Generally, age is a major factor, but retirement is not always based solely on the number of cycles and the aircraft's age. Sometimes, other considerations come into play.
For example, back around 2002-2003, when AA was parking about 30 MD80s, they didn't necessarily pick the 30 oldest or highest-cycle MD80s they had in their fleet. Instead, they parked the aircraft that were about to come due for heavy overhauls. The reason is obvious: an overhaul of an aircraft takes weeks and millions of dollars in equipment, labor and facility utilization. As such, AA was all too happy to keep flying a high-cycle MD80 that didn't need a heavy overhaul for five years versus a newer, lower-cycle plane that was coming due for an overhaul in six weeks.
ORDagent From United States of America, joined Dec 2003, 823 posts, RR: 1
Reply 3, posted (7 years 5 months 2 weeks 20 hours ago) and read 6600 times:
We all are aware of the running joke about the NW DC-9s around here. They are paid for and fit the needs of NW despite the higher maintenance and fuel costs associated with those birds. SQ on the other hand sells off entire fleets young before they can even start to consider serious age associated costs. However I think part of the SQ philosophy is also a prestige issue about always having the latest and greatest.
LXA340 From Switzerland, joined Nov 2006, 2143 posts, RR: 3
Reply 4, posted (7 years 5 months 2 weeks 20 hours ago) and read 6577 times:
It probably also depends on the financial condtion of airlines. If they can't afford to replace aircraft too often they would fly them as long as they can. Nevertheless this is often in long run not always the most economical solution.
Quoting ORDagent (Reply 3): However I think part of the SQ philosophy is also a prestige issue about always having the latest and greatest.
Regarding SQ I would assume that this has to do with it. For instance premium airlines like LH or BA keep aircraft much longer in their fleets and they could afford tehoretically to replace aircraft types earlier.
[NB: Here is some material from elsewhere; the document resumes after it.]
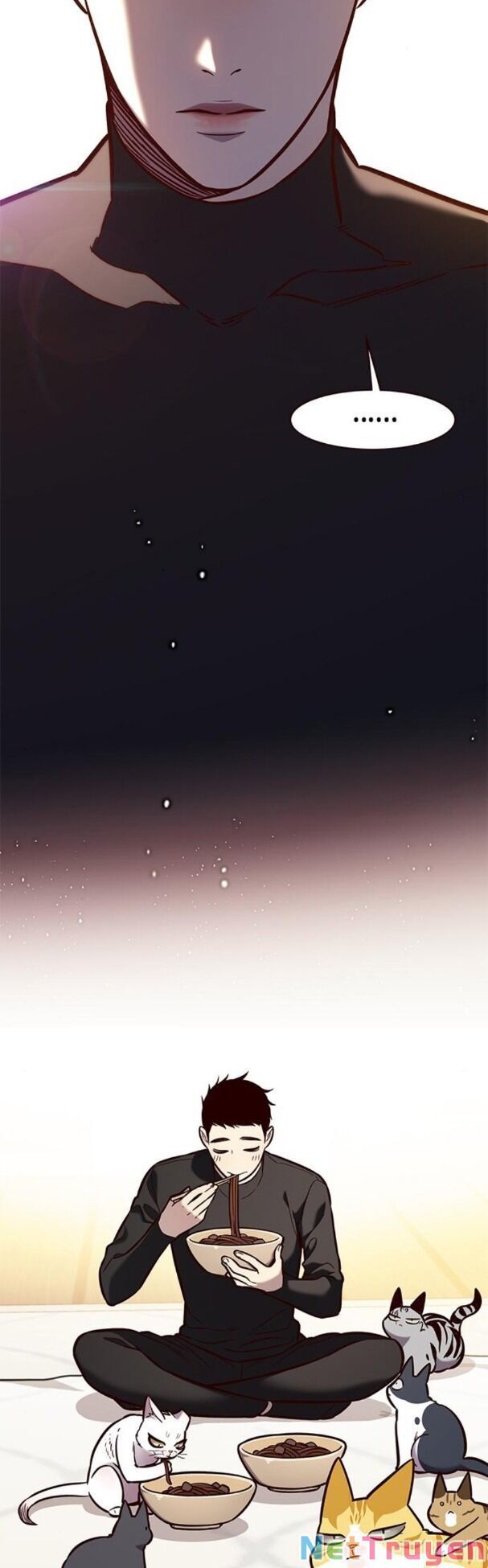 đọc truyện Hóa Thân Thành Mèo Chương 173 ảnh 55 tại Thiên Thai Truyện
Pilotboi From United States of America, joined Sep 2007, 2366 posts, RR: 9
Reply 7, posted (7 years 5 months 2 weeks 12 hours ago) and read 6472 times:
Quoting XJETFlyer (Reply 5): I thought if an aircraft was having more repair cost it would be a reason for retirement!
That's usually the best way to determine it. Age doesn't matter, as long as they are still making a profit. But as soon as they get old enough (which changes per type and even individual aircraft), and they start causing more costs (to do heavy checkS) then they can make, that means it's time to do something with that aircraft (ie get rid of it).
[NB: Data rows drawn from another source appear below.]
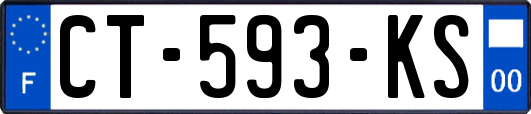 CT-593-KS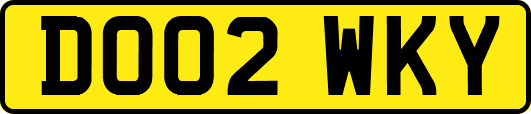 DO02WKY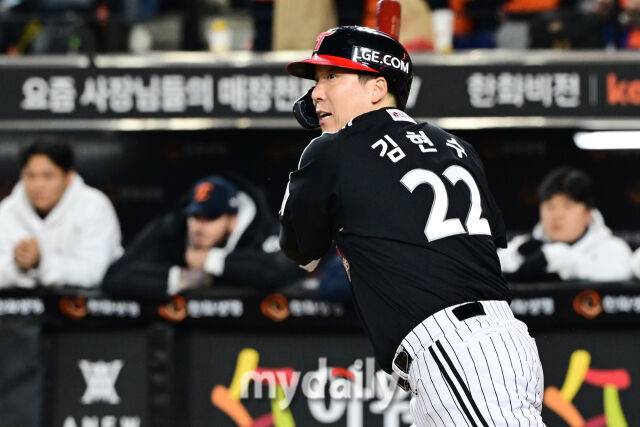 염갈량은 두산을 경계했다…LG 박해민 지켰지만 김현수 빼앗기면 통합 2연패 장담 못해, 2026 판도 바꾼다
Don't you think that's a pretty all encompassing statement? There are carriers like Tiger, JetStar and Air Asia that have fleets younger than all US legacy carriers. Perhaps the LCC carriers I mentioned should look at selling some of their aircraft to the US legacy carriers when it comes time to replace them.
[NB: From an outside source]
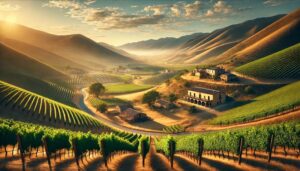 The Old Wine Route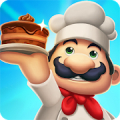 Idle Cooking Tycoon - Tap Chef Mod APK icon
AirPortugal310 From United States of America, joined Apr 2004, 3930 posts, RR: 2
Reply 11, posted (7 years 5 months 1 week 6 days 13 hours ago) and read 6338 times:
Quoting PhilSquares (Reply 10): Don't you think that's a pretty all encompassing statement? There are carriers like Tiger, JetStar and Air Asia that have fleets younger than all US legacy carriers. Perhaps the LCC carriers I mentioned should look at selling some of their aircraft to the US legacy carriers when it comes time to replace them.
Probably. Should probably have thrown in the word "certain"
I think in the end, the environments in which the aircraft primarily flies and the maintenance that is performed on said aircraft is the make/break factor.
PGNCS From United States of America, joined Apr 2007, 2943 posts, RR: 48
Reply 13, posted (7 years 5 months 1 week 15 hours ago) and read 6110 times:
Quoting XJETFlyer (Thread starter): I have flown with many airlines. Some have a newer and nice fleet. Some have plain junk and are just plain scary!
I have to ask: who is flying "junk" and how are you in a position to know? I have flown 30 year old and brand new aircraft from the factory, but I've never flown one that was unsafe.
Quoting Flynavy (Reply 6): Quoting XJETFlyer (Reply 5):
It just seems the age does not mean that much to the airlines.
Quality over quantity. I'd rather fly in a well-maintained 737-200 over a poorly maintained thrid-world "newer" aircraft.
I agree inasmuch as I would rather fly in an older but well maintained aircraft operated by experienced and qualified crews than a new aircraft flown by a carrier that skimps on maintenance, or hires marginal, inexperienced, or insufficiently trained crews.